### ASSIGNED TASK
Except for the images, repeat the entries below word for word.

### DATA
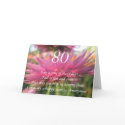 80th Birthday cards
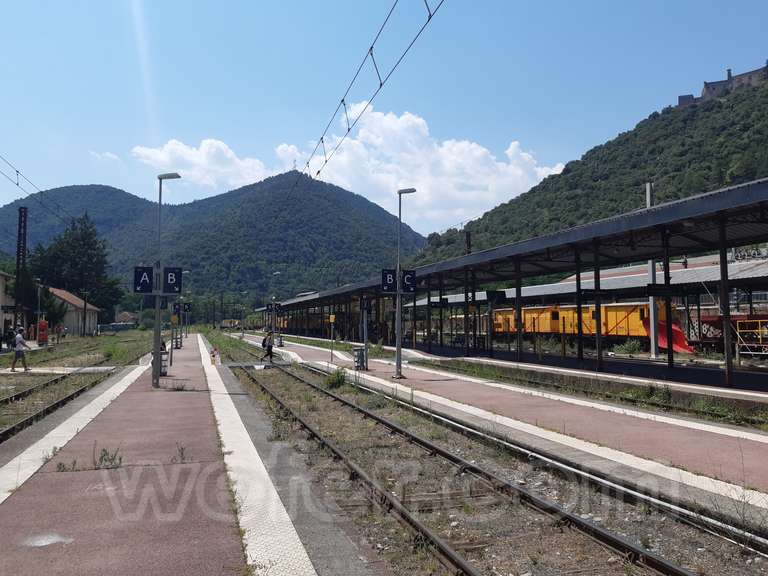 SNCF: gare Vilafranca de Conflent (Villefranche-Vernet-les-Bains)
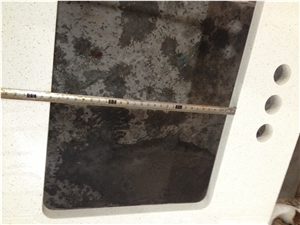 Custom Quartz Bathroom Countertops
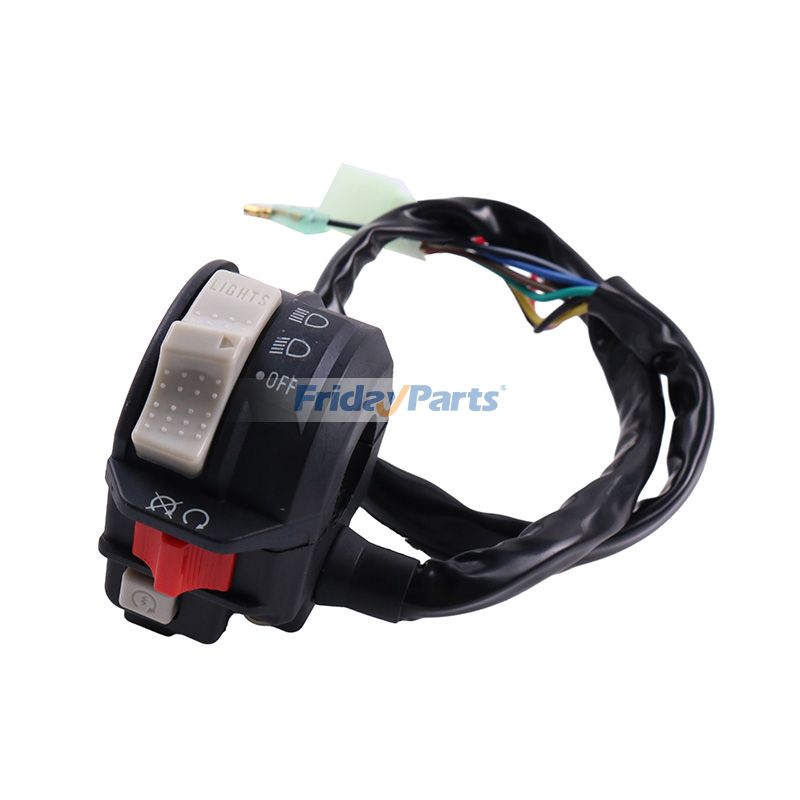 Interrupteur de guidon gauche, démarrage, phare, 2VY-83973-01-00 pour Yamaha Timberwolf 250 1992-1993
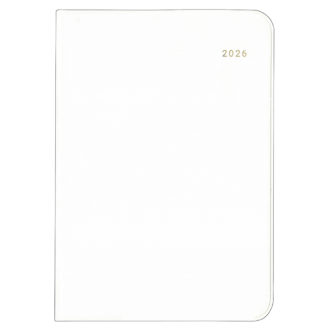 【予約商品】2026年1月始まり ミル MILL E7750 マンスリー EASY A6 アイボリー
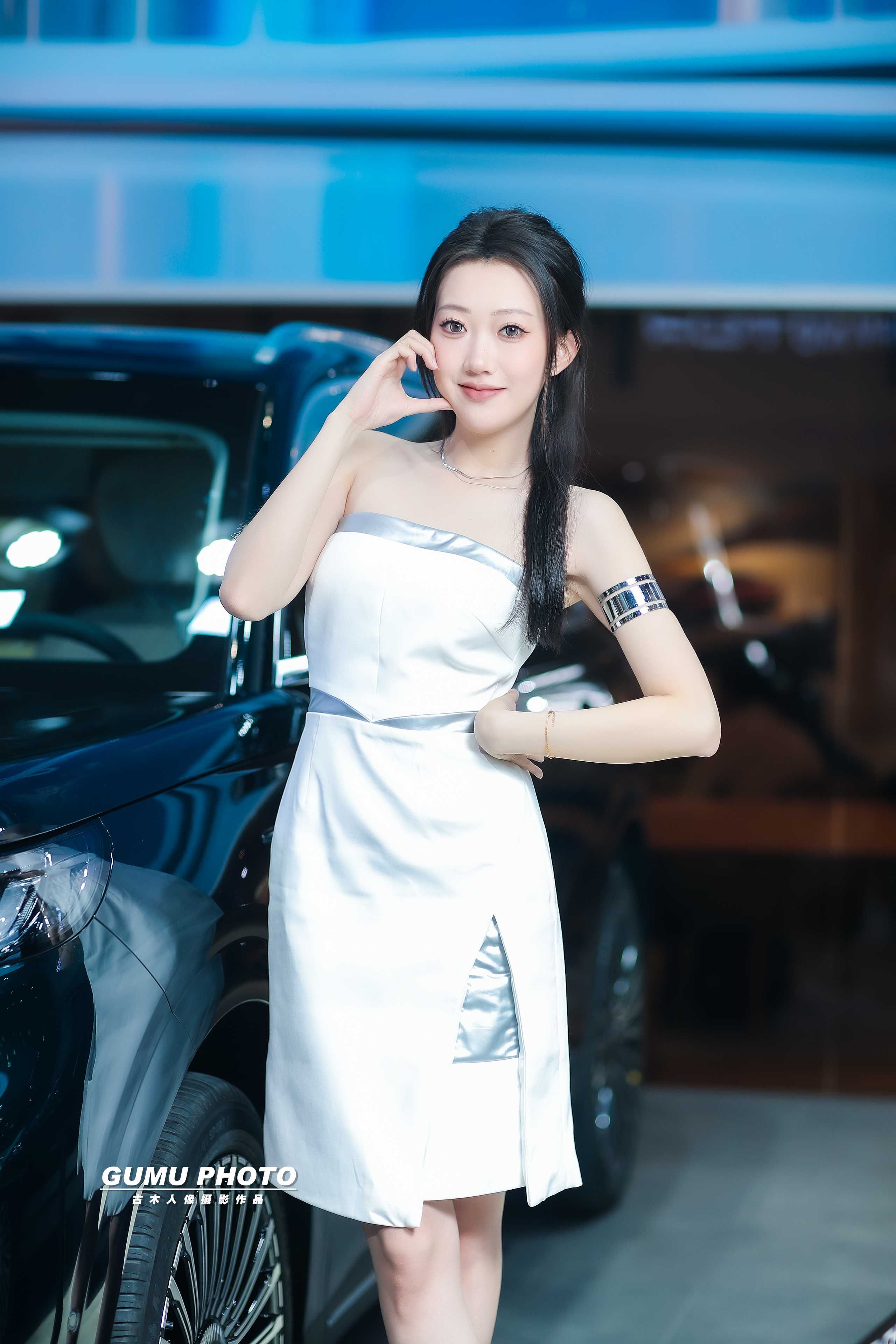 2025十一重庆车展奇瑞展台模特小姐姐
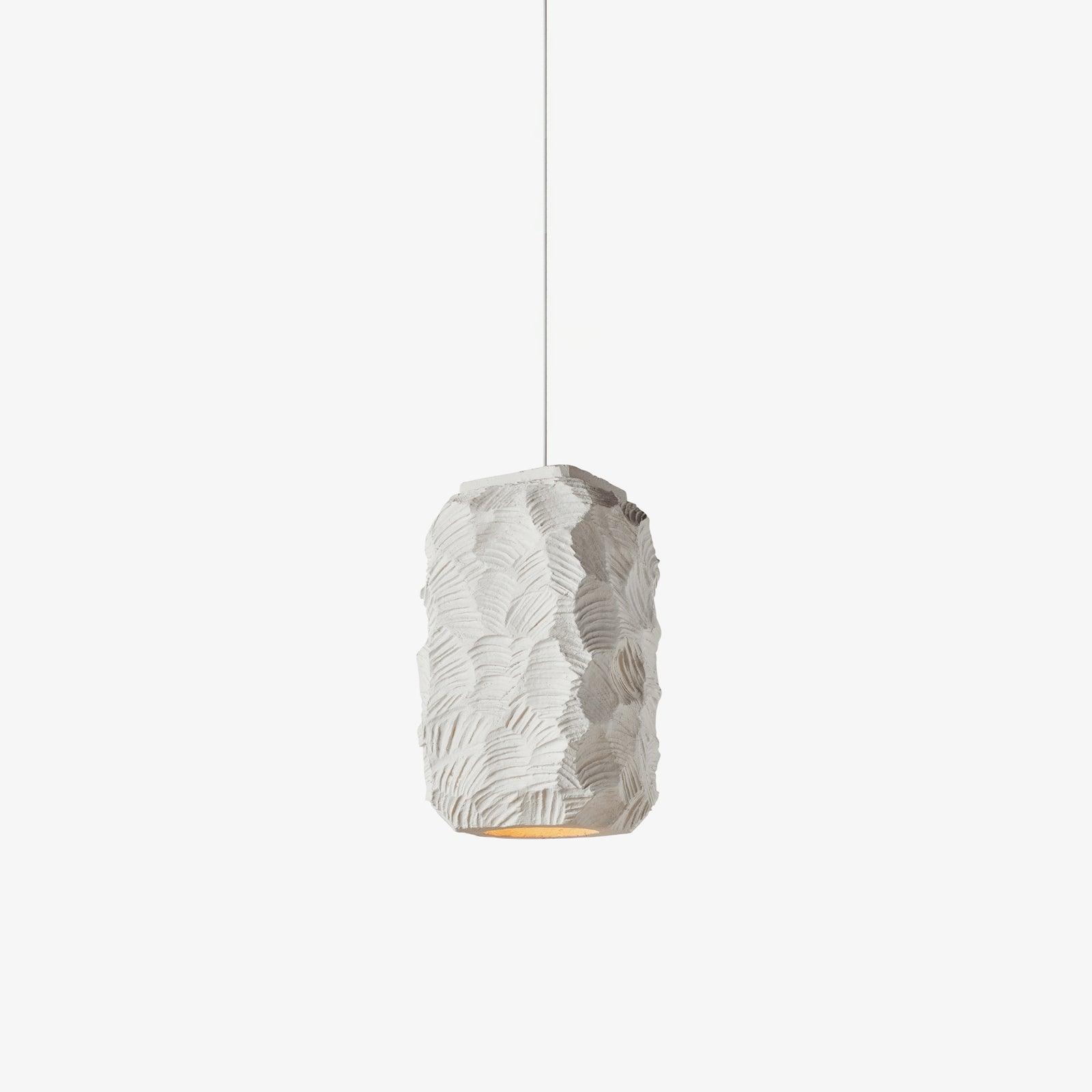 Resin Geometry Pendant Lamp - Blowlighting
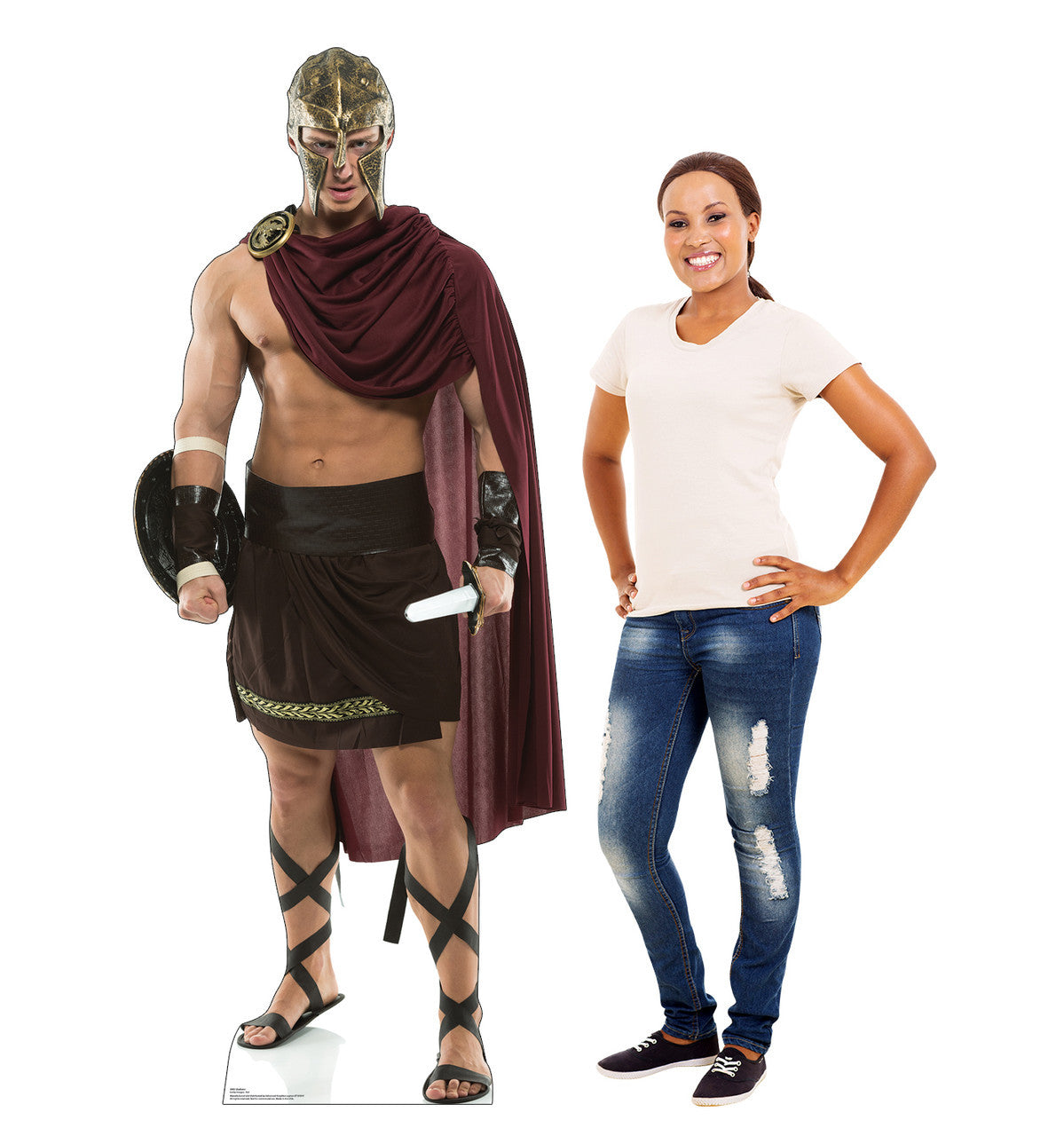 Gladiator Cutout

### REPLY
 80th Birthday cards
 SNCF: gare Vilafranca de Conflent (Villefranche-Vernet-les-Bains)
 Custom Quartz Bathroom Countertops
 Interrupteur de guidon gauche, démarrage, phare, 2VY-83973-01-00 pour Yamaha Timberwolf 250 1992-1993
 【予約商品】2026年1月始まり ミル MILL E7750 マンスリー EASY A6 アイボリー
 2025十一重庆车展奇瑞展台模特小姐姐
 Resin Geometry Pendant Lamp - Blowlighting
 Gladiator Cutout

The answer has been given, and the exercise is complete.